In existing conditions, [a government White Paper suggests that] an additional expenditure on the armaments of the Defence Services can no longer be postponed
The Times newspaper (5 March 1935) reports a decision by the British government that growing
German, Russian and Japanese aggression required a new policy to defend
Britain.
Source B
In June 1935, Britain made a naval agreement with Hitler, to let Germany have a navy one-third of the size of Britain's. It was the sign that Britain had given up on the League as a way to keep the peace, and was trying a new policy - appeasement.
A modern historian suggests that Britain's naval agreement with Germany was
a decision by the British government to abandon 'collective security'
(2004).
Source C
The Covenant of the League has been violated... We shall therefore have to climb down, and Hitler has scored. We must swallow this humiliation as best we may, and be prepare to become the laughing stock of Europe. I do not mind that very much. We can rebuild our shattered name. But it does mean the final end of the League and that I do mind dreadfully. Quite dreadfully.

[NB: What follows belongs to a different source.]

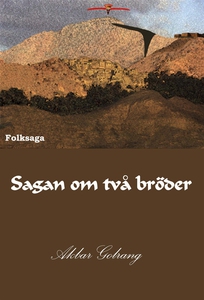Sagan om två bröder (e-bok) av Akbar Golrang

A letter written by the British diplomat Harold Nicolson to a friend,
after Hitler had marched into the Rhineland (12 March 1936).
Source D
This cartoon by the British cartoonist David Low, drawn during the Spanish Civil War, appeared
in the Evening Standard newspaper, 14 December 1936.
The headline on the newspaper reads: 'SPAIN - League
Discussion'.
The soldiers are saying: 'The League! Pah! Fancy suggesting nations could
unite for peace'.
Click here for the interpretation
Source E
The events of the 1930s doomed the League of Nations. By 1936, after the Disarmament Conference had failed, few people looked to Geneva for the answers to Europe's problems. As civil war erupted that summer, Spain was added to Manchuria, Abyssinia and the Rhineland in the roll-call of the League's failures. Hardly surprising, then, that the Spanish foreign minister should accuse the League of following 'a strange theory which said that the best way to help the League was to stop making any attempt to keep the peace or defend the Covenant'.
The historian Mark Mazower sums up the effect that these failures
had upon the League's reputation (1998).